--- WHAT NEEDS TO BE DONE ---
Retype exactly the lines below, beginning with the first and ending with the line where "C EST 1946 peachy" appears.

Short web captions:

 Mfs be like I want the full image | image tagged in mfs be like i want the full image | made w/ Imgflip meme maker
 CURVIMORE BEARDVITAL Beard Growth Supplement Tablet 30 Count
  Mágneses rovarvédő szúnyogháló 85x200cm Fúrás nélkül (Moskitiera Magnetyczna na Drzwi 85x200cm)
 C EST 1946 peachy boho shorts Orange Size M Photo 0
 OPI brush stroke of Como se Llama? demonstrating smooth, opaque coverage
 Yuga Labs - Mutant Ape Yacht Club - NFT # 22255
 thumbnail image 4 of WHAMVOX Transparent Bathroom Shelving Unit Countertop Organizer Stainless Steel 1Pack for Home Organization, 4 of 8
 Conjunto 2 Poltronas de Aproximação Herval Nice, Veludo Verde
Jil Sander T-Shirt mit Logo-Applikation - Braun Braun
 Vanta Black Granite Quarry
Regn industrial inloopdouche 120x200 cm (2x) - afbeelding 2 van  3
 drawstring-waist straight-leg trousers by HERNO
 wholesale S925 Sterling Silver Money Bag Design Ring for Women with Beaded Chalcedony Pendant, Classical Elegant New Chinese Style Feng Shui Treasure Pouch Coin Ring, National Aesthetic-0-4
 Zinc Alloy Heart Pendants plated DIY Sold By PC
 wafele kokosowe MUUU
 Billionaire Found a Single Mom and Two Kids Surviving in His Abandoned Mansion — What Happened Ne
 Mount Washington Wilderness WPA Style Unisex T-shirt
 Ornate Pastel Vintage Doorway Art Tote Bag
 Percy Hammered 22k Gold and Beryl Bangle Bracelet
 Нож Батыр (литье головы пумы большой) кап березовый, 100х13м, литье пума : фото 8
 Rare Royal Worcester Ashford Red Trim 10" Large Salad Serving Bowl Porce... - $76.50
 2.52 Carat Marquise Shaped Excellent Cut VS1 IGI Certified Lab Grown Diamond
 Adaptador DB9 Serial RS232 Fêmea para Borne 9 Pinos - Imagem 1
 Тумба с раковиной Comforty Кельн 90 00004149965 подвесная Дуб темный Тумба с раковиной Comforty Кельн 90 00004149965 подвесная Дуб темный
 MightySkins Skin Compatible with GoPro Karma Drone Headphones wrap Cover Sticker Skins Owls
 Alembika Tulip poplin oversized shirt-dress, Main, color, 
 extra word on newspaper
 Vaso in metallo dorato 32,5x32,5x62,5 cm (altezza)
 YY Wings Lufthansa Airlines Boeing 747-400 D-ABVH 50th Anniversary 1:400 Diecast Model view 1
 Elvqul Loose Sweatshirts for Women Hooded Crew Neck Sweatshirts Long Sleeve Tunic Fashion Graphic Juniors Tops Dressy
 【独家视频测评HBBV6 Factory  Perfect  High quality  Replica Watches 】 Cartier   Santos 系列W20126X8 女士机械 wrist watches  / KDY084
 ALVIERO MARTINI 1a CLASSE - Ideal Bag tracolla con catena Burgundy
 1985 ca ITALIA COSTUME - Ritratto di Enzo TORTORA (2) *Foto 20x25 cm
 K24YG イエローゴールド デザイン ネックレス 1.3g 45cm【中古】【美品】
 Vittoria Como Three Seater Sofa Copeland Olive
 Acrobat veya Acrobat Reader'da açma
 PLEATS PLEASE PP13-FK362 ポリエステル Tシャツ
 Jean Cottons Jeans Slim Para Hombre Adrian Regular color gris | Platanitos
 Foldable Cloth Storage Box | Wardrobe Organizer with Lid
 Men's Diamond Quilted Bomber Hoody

--- EXERCISE OUTPUT ---
 Mfs be like I want the full image | image tagged in mfs be like i want the full image | made w/ Imgflip meme maker
 CURVIMORE BEARDVITAL Beard Growth Supplement Tablet 30 Count
  Mágneses rovarvédő szúnyogháló 85x200cm Fúrás nélkül (Moskitiera Magnetyczna na Drzwi 85x200cm)
 C EST 1946 peachy boho shorts Orange Size M Photo 0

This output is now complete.